• [REQUIRED WORK]
Retype the material that follows exactly, limited to the lines from the one with "Birkenstock Men's Brown" through the one with "Yogi Berra assinada", and keep out all pictures.

RECORDS TO PROCESS START

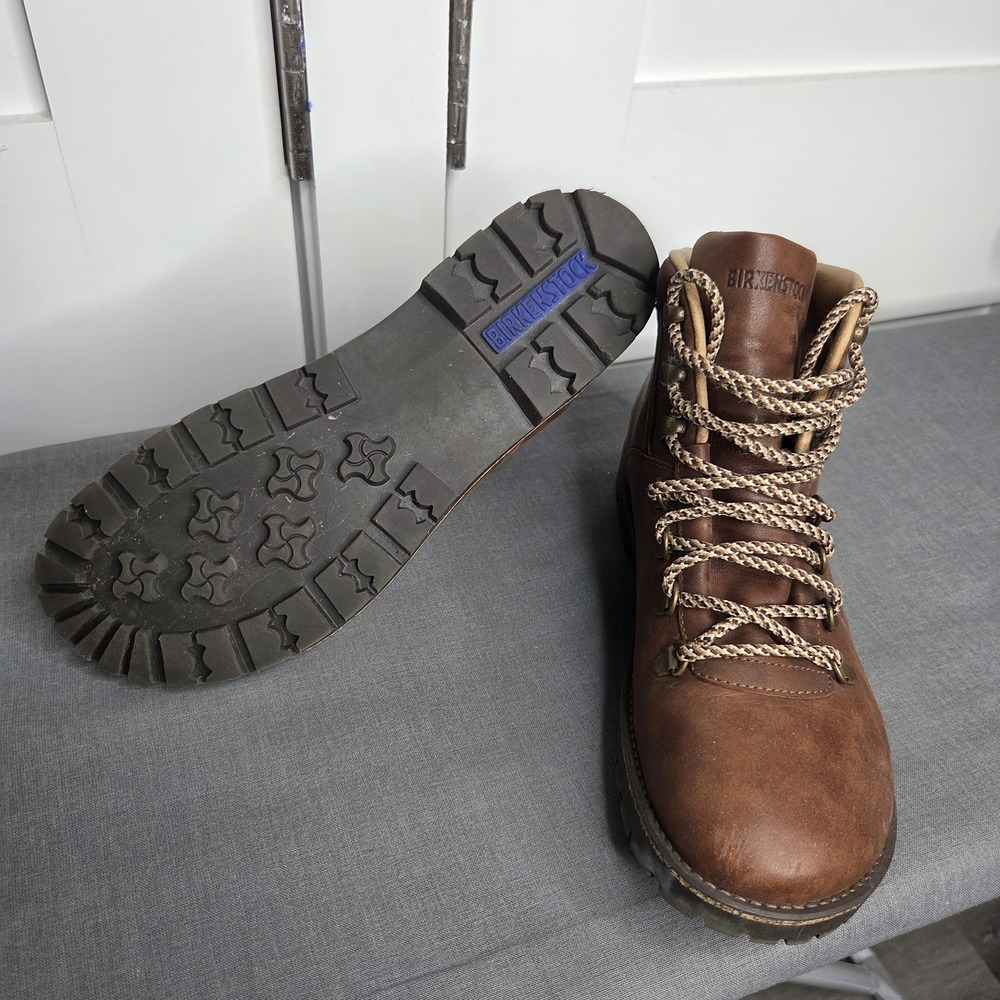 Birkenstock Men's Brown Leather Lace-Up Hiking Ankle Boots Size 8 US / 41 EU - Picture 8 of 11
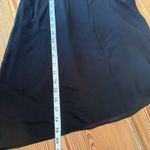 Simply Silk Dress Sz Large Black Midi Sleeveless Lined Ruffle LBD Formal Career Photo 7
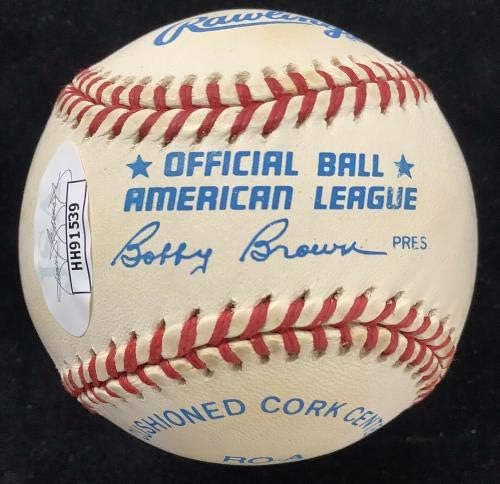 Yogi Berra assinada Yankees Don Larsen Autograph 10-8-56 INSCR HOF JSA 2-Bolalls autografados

RECORDS TO PROCESS END
RECORDS TO PROCESS START

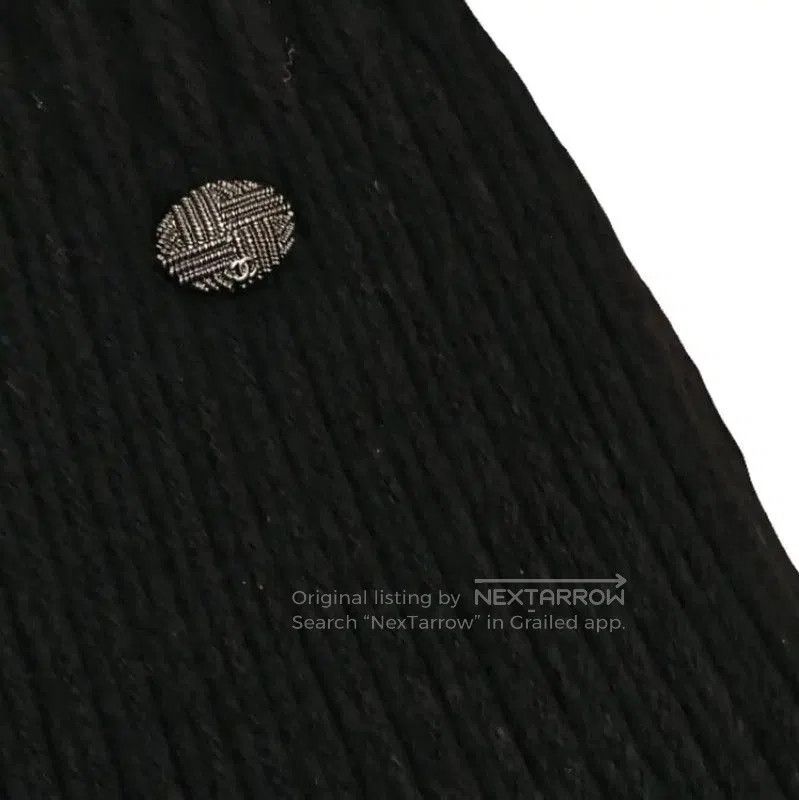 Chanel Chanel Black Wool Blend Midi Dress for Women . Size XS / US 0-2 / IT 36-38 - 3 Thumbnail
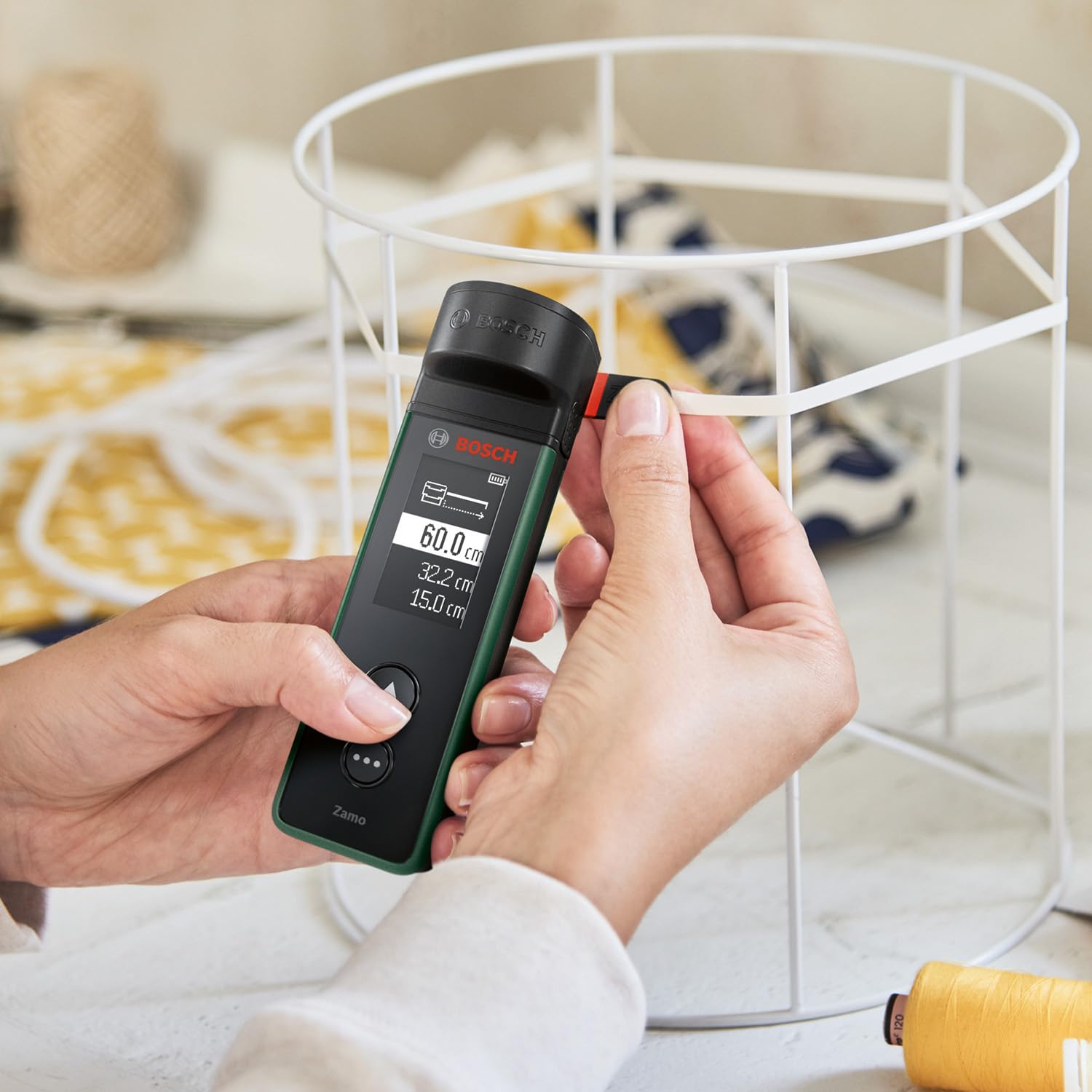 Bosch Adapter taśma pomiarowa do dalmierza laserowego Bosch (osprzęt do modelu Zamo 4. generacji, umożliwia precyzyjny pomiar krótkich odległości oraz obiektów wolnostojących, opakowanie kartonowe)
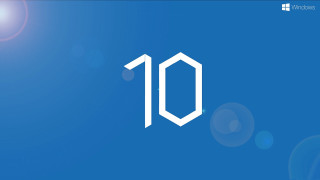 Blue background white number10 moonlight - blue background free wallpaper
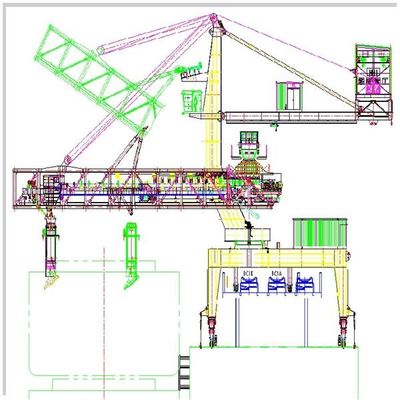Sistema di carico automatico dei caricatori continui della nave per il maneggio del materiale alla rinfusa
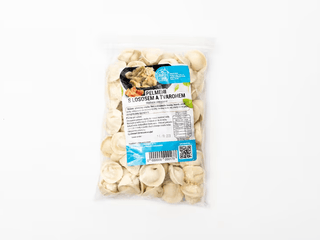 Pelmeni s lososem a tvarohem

RECORDS TO PROCESS END

• [ANSWER TO THIS TASK]
 Birkenstock Men's Brown Leather Lace-Up Hiking Ankle Boots Size 8 US / 41 EU - Picture 8 of 11
 Simply Silk Dress Sz Large Black Midi Sleeveless Lined Ruffle LBD Formal Career Photo 7
 Yogi Berra assinada Yankees Don Larsen Autograph 10-8-56 INSCR HOF JSA 2-Bolalls autografados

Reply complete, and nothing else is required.